112

Improving Accountability and Communications in District 112

In my post on why the technology referendum failed, I promised some ideas on how I think the Eastern Carver County School District could improve relations with voters.  Here’s the first of those ideas — improving how the District communicates with residents, and thereby making it easier for people to understand what is going on in the District.

Here’s an example.  (The point here is just to use this as a sample, not as a particular criticism of the people responsible for this document.)

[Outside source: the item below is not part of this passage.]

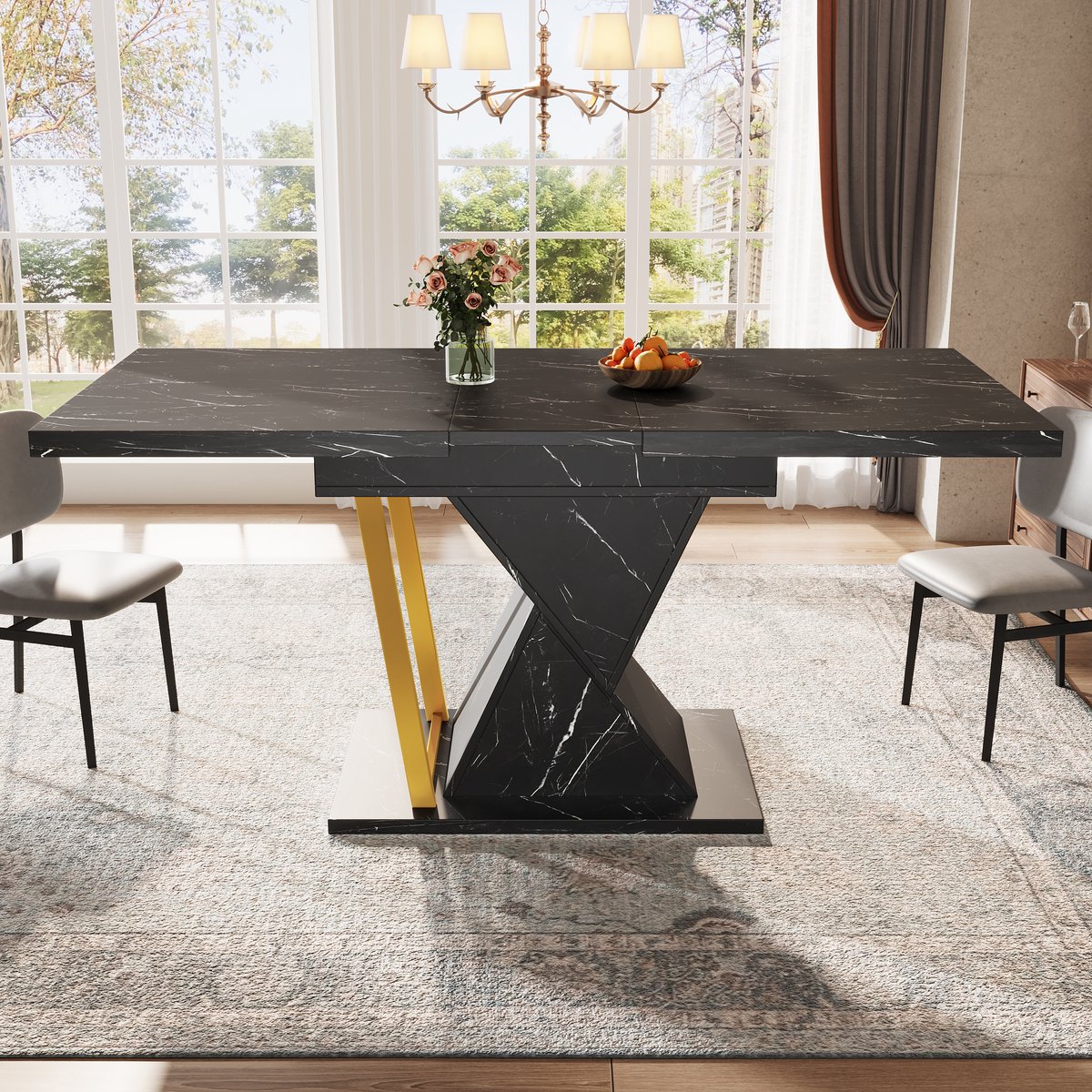 Uitschuifbare eettafel 110-140 x 80 x 76 cm - voor eetkamer en keuken - geschikt voor 6 pe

Every year, the District publishes an Annual Report on Curriculum, Instruction, and Student Achievement.  It’s about a 20-page document that goes into some detail about the initiatives that are underway.  It’s a good document.  But how many parents take the time to read it every year?  How many non-parents read it or understand the efforts that are being made to raise student achievement?

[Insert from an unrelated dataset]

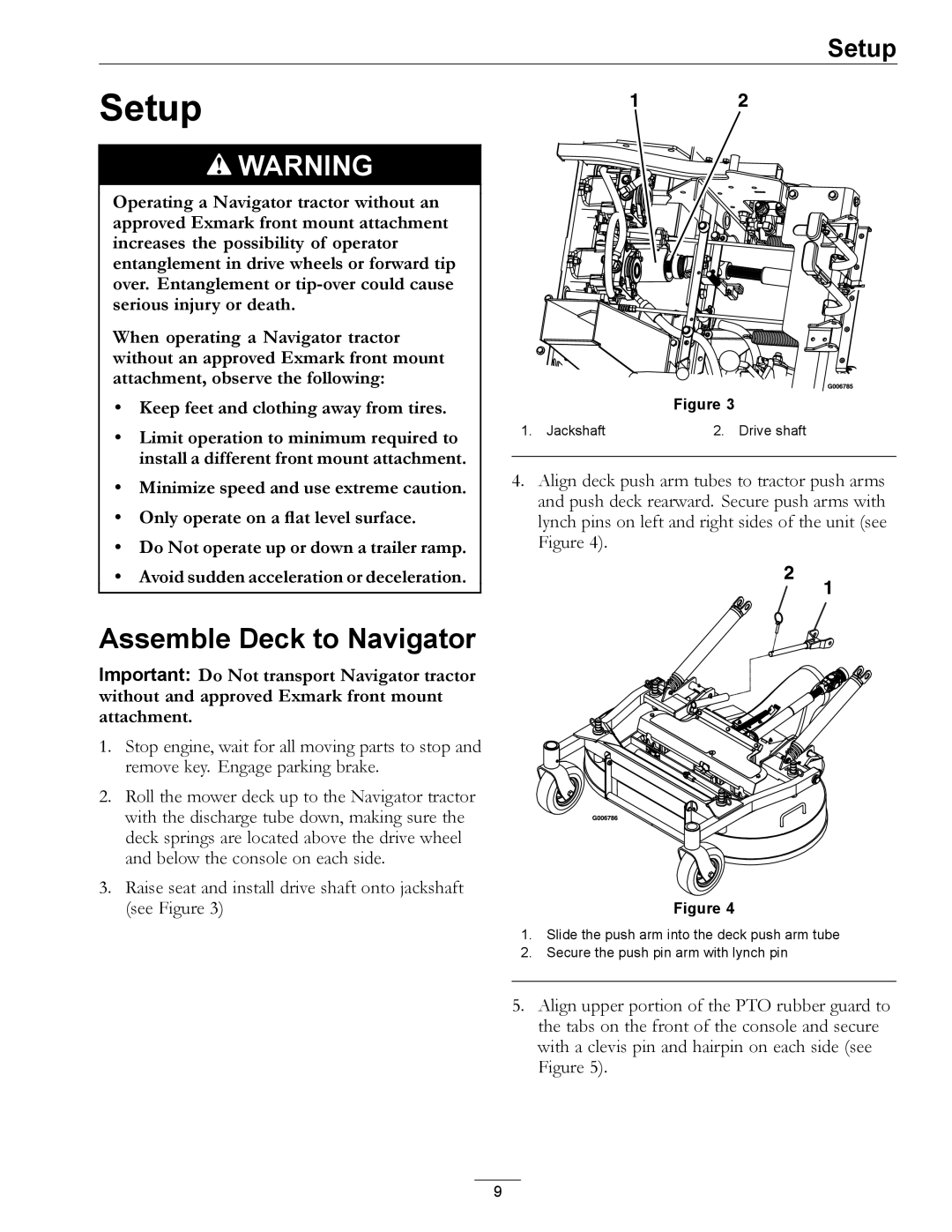 Exmark 4500-370 manual Setup, Assemble Deck to Navigator 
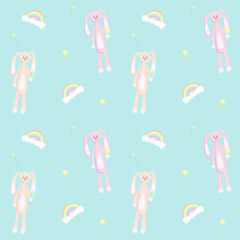Cute rabbit pattern with magic wand and rainbow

There’s no reason that this document can’t be boiled down into a format that’s easier to understand and gives folks a quick read on what is happening.  I took about an hour and synthesized the report into a two-page executive summary that hits the critical points and is easier to read.

Ideally, it would be even better to move the first section to a format that shows specific, measurable goals for each level and the progress against them for the previous year.  But this is a start.

The same sort of logic can be applied to the financial information that the District provides.  There’s a lot of information on the District website that talks about thepotential budget cutsthat were considered last spring, but not a lot of information about what the actual spending amounts in each category are.  Given the referendum results, more data about how our property tax burden breaks down between operating funds and debt service would be useful.

The School Board also has responsibility here — there’s no reason that complete minutes of Board meetings shouldn’t be published online.  The Summaries that are provided give no real flavor of what occurred at the meeting — they don’t even list who voted for or against given agenda items.  There’s also ample reason to think that meetings should be recorded for online viewing.  A few of the School Board meetings have made it to vimeo — they all should going forward.

These sorts of actions — proactively looking to get information out to the community — are just the sorts of initial (and relatively easy) first steps the District can take to reach out to those who sent a message on Election Day.